Those sound like a pair of Converse Chuck Taylor's to me  Those came back into style with the kids about 10 years ago.


----------



## Northern1 (May 9, 2012)

Steve, I was just browsing BPS and came across these shoes. You might like them if you were looking for something with rubber toes/soles and that won't let any sand or gravel in. They were designed for going over neoprene footies, but many of the reviews have people wearing them bare as well. I might get a pair for cold-weather kayaking.

http://www.basspro.com/World-Wide-Sportsman-Flats-Boots-for-Men/product/55184/


----------



## jastew (Nov 18, 2011)

I've used cheap walmart tennies for years.
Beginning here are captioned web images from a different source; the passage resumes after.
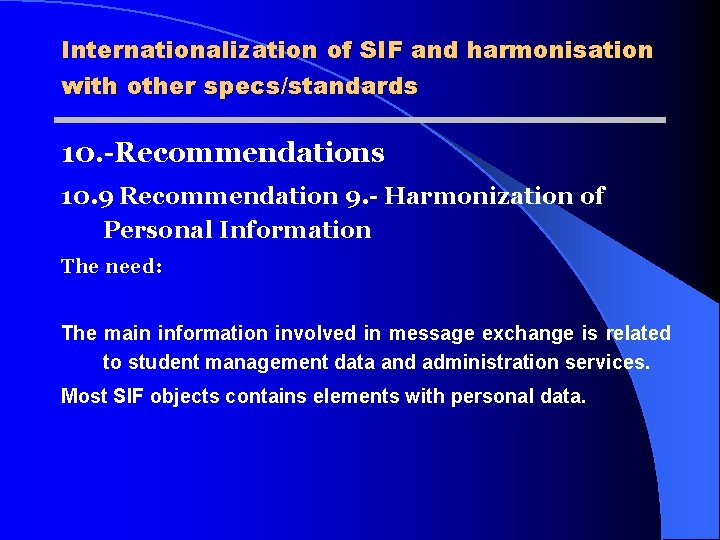 Internationalization of SIF and harmonisation with other specs/standards 10. -Recommendations 10. 9 Recommendation 9.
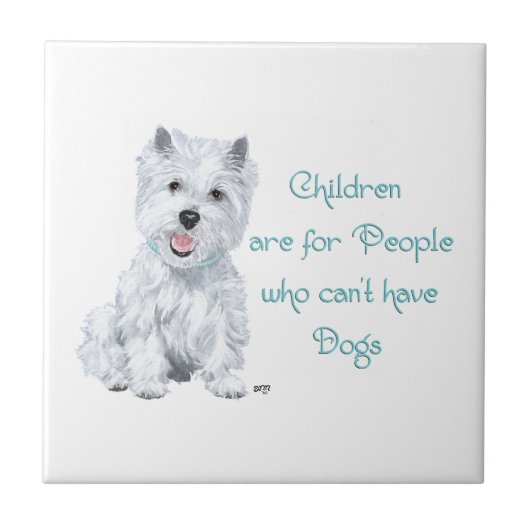 Westie Wisdom Keramik Tile Fliese (Vorderseite)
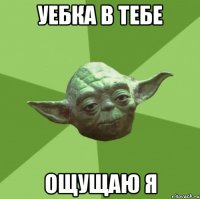 уебка в тебе ощущаю я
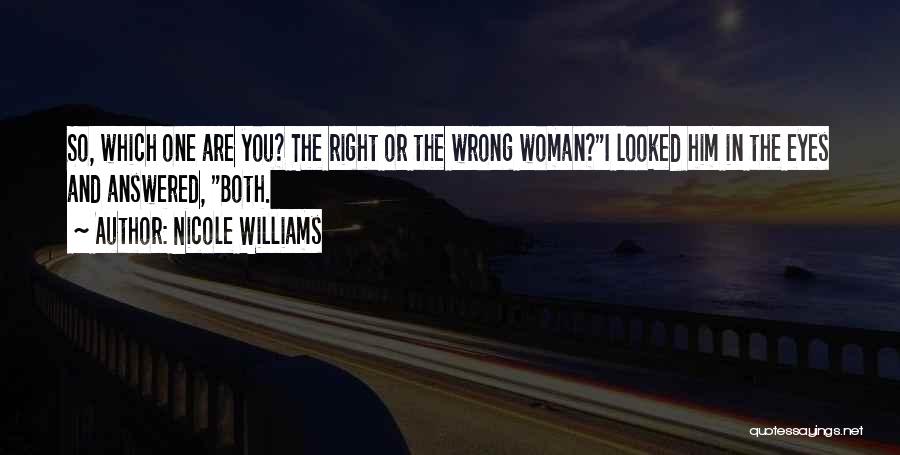 Nicole Williams Quotes: So, Which One Are You? The Right Or The Wrong Woman?i Looked Him In The Eyes And Answered, Both.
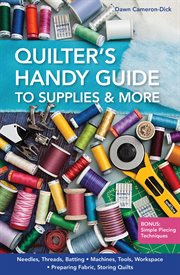 Quilter's handy guide to supplies & more : needles, threads, batting machines, tools, workspace preparing fabric, storing quilts bonus: simple piecing techniques cover image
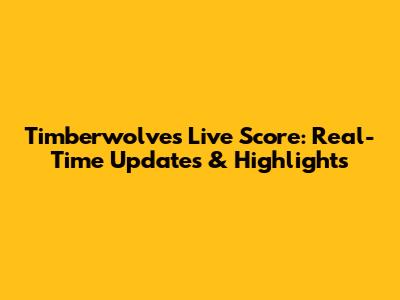 Timberwolves Live Score: Real-Time Updates & Highlights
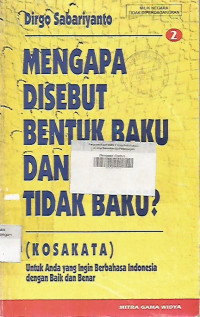 Mengapa disebut Bentuk Baku dan Tidak Baku (Kosa Kata) : Untuk Anda yang Ingin Berbahasa Indonesia dengan Baik dan Benar 2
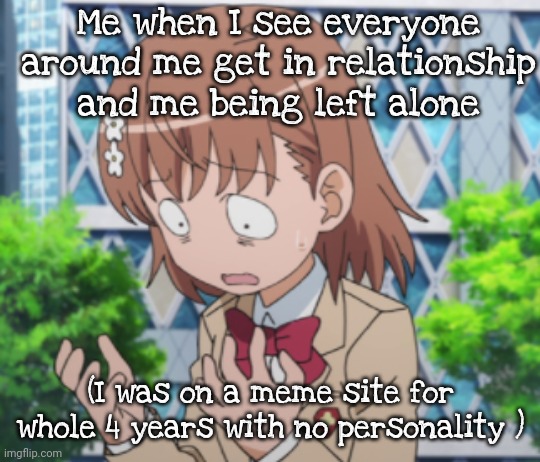 i have sinned | Me when I see everyone around me get in relationship and me being left alone; (I was on a meme site for whole 4 years with no personality ) | image tagged in i have sinned | made w/ Imgflip meme maker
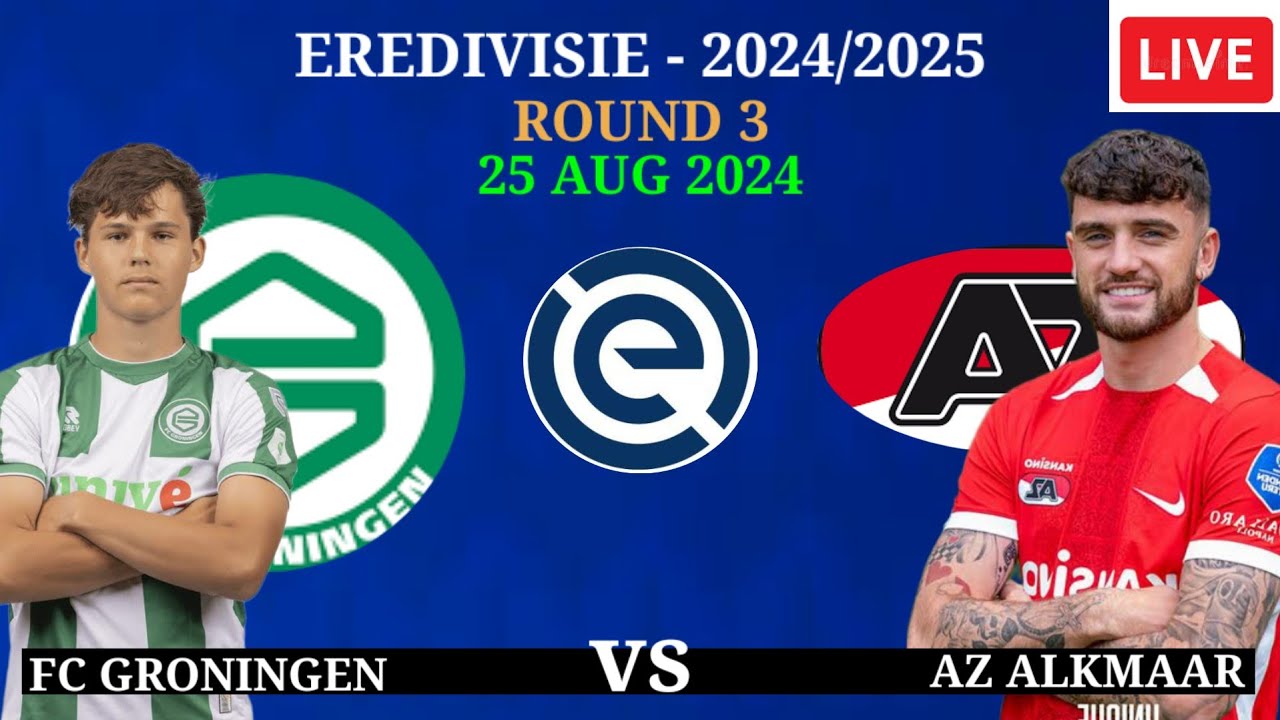 🔴 FC Groningen vs AZ Alkmaar | EREDIVISIE, ROUND 3 -  2024/25,Preview,Lineup,Head to Head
Never had an issue and they are CHEAP


----------



## Nubes (Dec 3, 2012)

I live in Teva sandals 6-8mos out of the year and that's all i'll use


----------



## nyall86 (Jul 31, 2013)

Got a pair of these for xmas. Haven't had a chance to try them out yet.

http://www.columbia.com/Men's-Drainmaker™-II-Shoe/BM2552,default,pd.html&colorID=010


----------



## Boostedawdfun (Sep 15, 2012)

nyall86 said:


> Got a pair of these for xmas. Haven't had a chance to try them out yet.
> 
> http://www.columbia.com/Men's-Drainmaker™-II-Shoe/BM2552,default,pd.html&colorID=010


I like those and was originally going to get them. I'm going to try out the wolverines first. Post up how those drain makers are when you get a chance to use them in 6 months lol.


----------



## nyall86 (Jul 31, 2013)

Haha. Will do.


----------



## OnTheFly (Jul 30, 2010)

i have some keen hood river boots that i really like. Not much gets inside and they have held up pretty well. Did have to sew up a tear but they have been getting ROUGH wear for 3-4 years. Hard toe is really nice.


----------



## SeanStone (Sep 8, 2010)

Now that's a nice looking shoe. How well does it drain water?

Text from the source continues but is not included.